- A CPMI do INSS aprovou a quebra dos sigilos bancário e fiscal de Fabio Luis Lula da Silva, o Lulinha, por suspeita de envolvimento no esquema do INSS; o pedido foi apresentado pelo relator com base em representação da Polícia Federal.
- A decisão é simbólica, mas as CPMIs têm poder de investigação e podem determinar a quebra de sigilos sem autorização judicial prévia; os órgãos devem cumprir.
- Segundo a PF, há três menções ao nome de Lulinha nos autos, incluindo relatos de um ex-sócio sobre participação com lobista e recebimento de R$ 25 milhões, além de uma suposta mesada de R$ 300 mil.

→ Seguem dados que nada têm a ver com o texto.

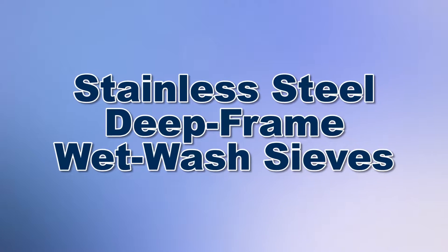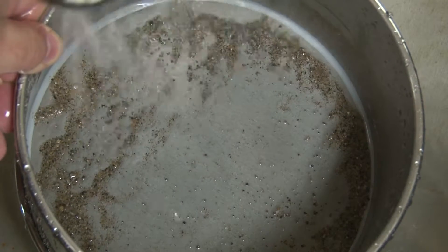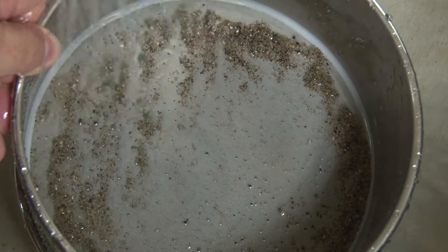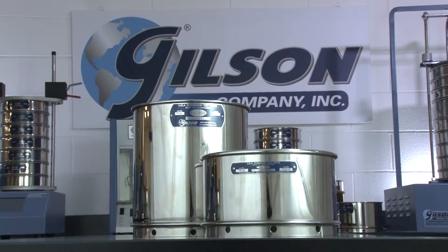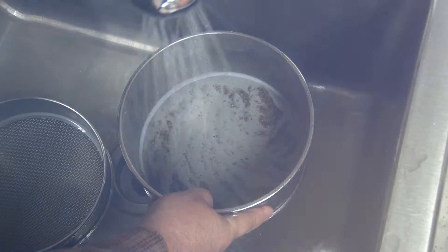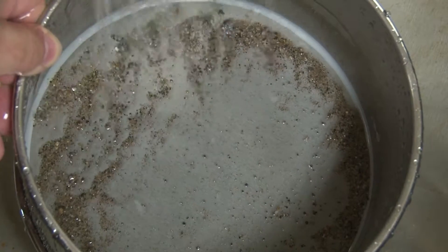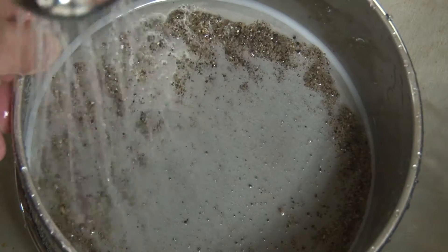When you need to prepare specimens with high fines content for effective dust-free testing, or to isolate specific fractions for further testing, then Gilson is your best choice. Wet-washing sample material over a sieve using rinse water or a gentle spray serves as an effective sizing method when only one or two size fractions are to be determined.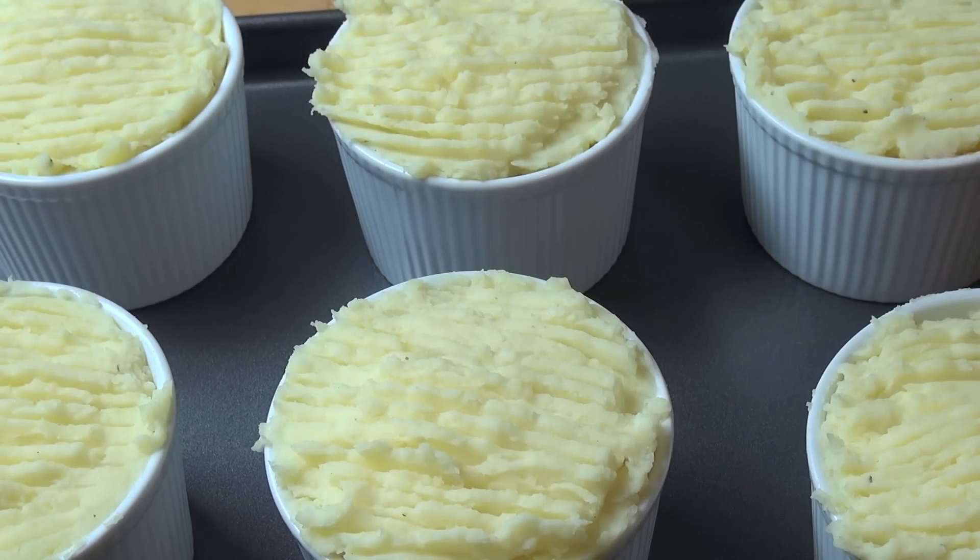These are ready to go into the oven — a preheated oven at 180 degrees Celsius for about 20 minutes or until they're nice and golden on top.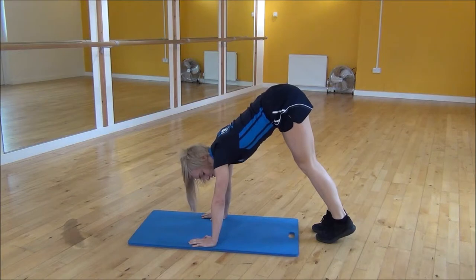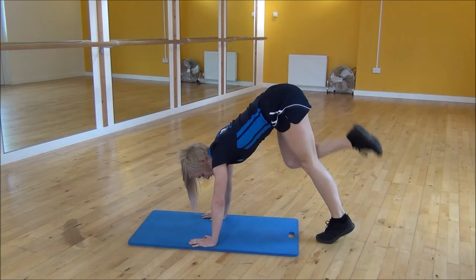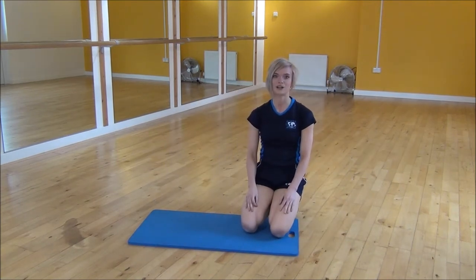Or you can go a slight modified version if that's a lot — just a nice slow pace. And that's butt kicks on your hands.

- Emissões de passagens aéreas sob o mesmo localizador para Lulinha e Roberta Luchsinger teriam indicado vínculo entre eles; não houve leitura de quem pagou os bilhetes.
- Lula afirmou ao UOL que o filho “vai pagar o preço se estiver envolvido” e que conversou com ele quando surgiram as primeiras notícias.
A CPMI do INSS aprovou a quebra dos sigilos bancário e fiscal de Fabio Luis Lula da Silva, o Lulinha, filho do presidente Luiz Inácio Lula da Silva, por suspeita de envolvimento no escândalo do INSS. O pedido partiu do relator, deputado Alfredo Gaspar (União-AL), com base em organização da Polícia Federal. A finalidade é apurar se Lulinha foi destinatário indireto de repasses investigados no esquema.
A votação foi simbólica e a base governista ficou atrás da oposição. Decisões de quebra de sigilo aprovadas pela CPMI têm caráter obrigatório e não dependem de autorização judicial prévia. Órgãos devem cumprir as ordens aprovadas pela comissão, segundo o entendimento vigente.
Segundo a PF, há três menções ao nome de Lulinha nos autos. Um ex-sócio de Antônio Camilo Antunes, conhecido como Careca do INSS, declarou que o rapaz seria “sócio” do lobista em projeto ligado à cannabis medicinal e teria recebido 25 milhões de reais em um negócio de kits de dengue, além de uma suposta mesada de 300 mil reais.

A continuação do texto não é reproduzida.